SCA was also reported to be used to predict heterosis (Ahangar et al. 2008; Ni et al. 2009; Torres and Geraldi 2007). In the present study, strong correlations were found between SCA and heterosis for most of the yield and yield related traits. Nevertheless, it is impractical to use SCA for the heterosis prediction. SCA is for specific cross between two parents. Once we obtain the SCA values for all the crosses through our experiments such as diallel crosses, we actually have already obtained all the phenotypic values for the hybrid crosses, so it will be unnecessary to do the correlation analysis between SCA and heterosis. While GCA is different from SCA, which is to describe the parent’s combining ability for a trait. Usually, GCA is considered to be controlled by additive genes (Vacaro et al. 2002; Yang et al. 1997). GCA can be easily recombined and accumulated through gene flow; and the inheritance of GCA is high (Lu 1999). Thus we conceived a new conception, i.e. general sum of combining ability (GSCA) to substitute SCA. The value of GSCA is the sum of GCAs for the two parents of a hybrid. Using the GCAs in Table 3 for the twelve parents, we assessed all the GSCAs of the 66 hybrids for the five traits.

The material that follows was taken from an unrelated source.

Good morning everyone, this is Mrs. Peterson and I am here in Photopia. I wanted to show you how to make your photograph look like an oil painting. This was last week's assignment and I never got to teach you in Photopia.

The correlations between SCA and GSCA were hence estimated including their correlations considering the aspects of phenotypic value and the three types of heterosis for each corresponding trait (Table 7). The correlation between GSCA and SCA for the each trait of yield and yield components was statistically significant. The correlations between GSCA and phenotypic value, between SCA and phenotypic value, between GSCA and heterosis, between SCA and heterosis, were all significant. It is expected to use GSCA to substitute SCA to predict the promising combinations from the parental lines. The obvious advantage of GSCA over SCA is that it is estimated from GCA not from the complicated crosses design. Breeders usually have many breeding lines with known GCA values, when they exchange their lines with others, the GSCA can be directly calculated to estimate their SCA values. This may need more evidence to support since it is mainly based on the 12×12 half diallel crosses.

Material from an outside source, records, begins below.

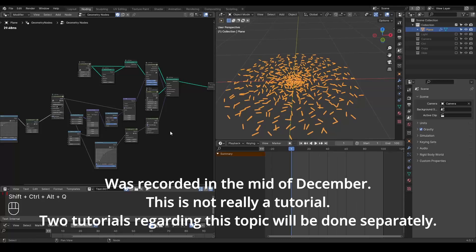Hello everyone, this is Bradley. Today this is not a tutorial, but just a short talk telling some story or my experience in Blender geometry nodes recently. Whether you're interested or not, let's start.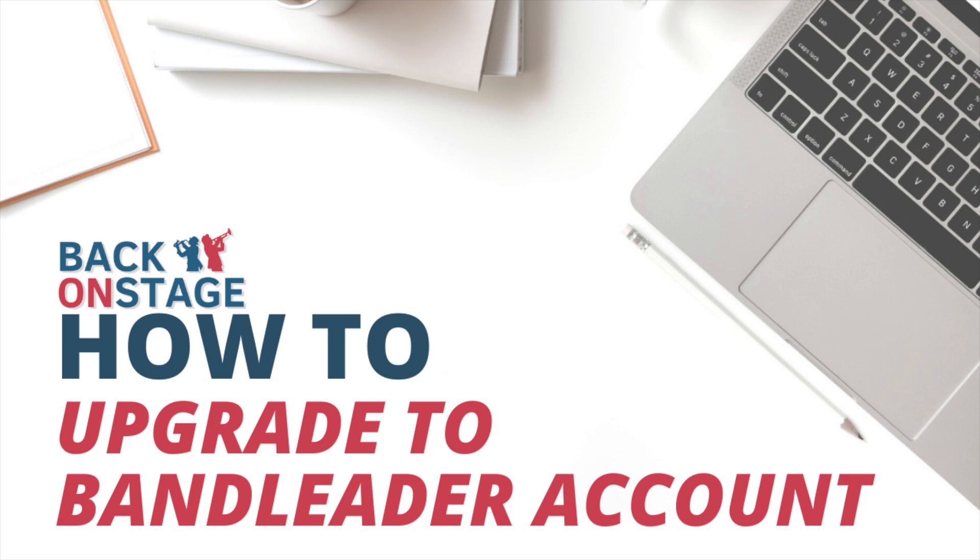Looks like you're ready to take your music business to the next level. We're here for you. If you are a band leader or project manager, you will want to sign up for a band leader account.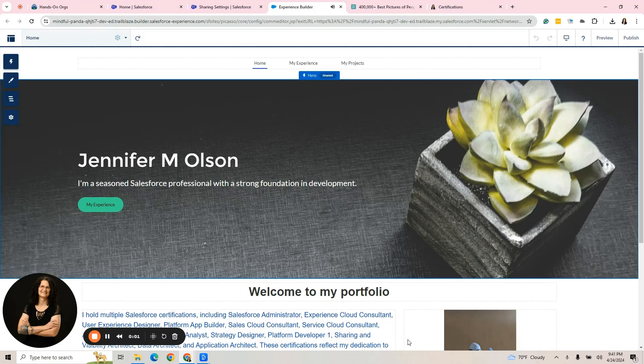Hi everybody. We've been working on an experience site build. It's a very simple one. I'm showing you how to create a portfolio. This would be available to the public.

Prediction of heterosis in rice breeding is of great meaning for breeders. How to make it come true with a high efficiency and veracity is of their concerns. Many methodologies were attempted but no one was ideal. Scientists used the heterozygosity of positive molecular loci to predict heterosis. Zhang et al. (1994)pointed out that PLs presented strong correlations to yield and yield related traits, among which the heterozygous PLs were strongly correlated to mid-heterosis for yield and other traits. Zha et al. (2008) screened ILs and DLs from PLs in two sets of diallel crosses indicating that the GDs based on ILs were significantly correlated to the performances of F1s for most of traits with an average correlation of 0.76. The correlations were stable over different environments except GWP. He et al. (2002) reported that ILs could used to predict the heterosis for yield and yield related traits. Although the correlation coefficients between DLs or ILs and the values of phenotypic (SCAs or heterosis) were statistically significant, the magnitude was low, so the DLs or ILs could not be directly used for heterosis prediction. But when stable DLs and ILs can be revealed from different sets of diallel crosses under different environments, they may be useful in prediction for breeding.

In the present research we found that ILs and DLs were significantly correlated to heterosis except for a few traits. And the frequencies of ILs for yield and yield related traits screened from all the loci were calculated. ILP marker RI00297 had 9 ILs detected in the diallel crosses, RM149 had 6 ILs, RM514, RM276, RM252, RM232 and RM216 had 5. The ILs with high frequencies detected from SSR marker were reported to be as QTLs for yield and yield components, such as RM149 and RM216 (Cho et al. 1991; Jiang et al. 2004), RM232 (Xiao et al. 1998), RM252(Xu et al. 2001), RM276 (Temnykh et al. 2000), RM514 (Moncada et al. 2001) and RM213 (Brondani et al. 2002). According this research, the ILs could be used for the further study on prediction of heterosis for yield and yield related traits; GSCA may be another considerable parameter combined with ILs for breeders in selecting elite hybrid.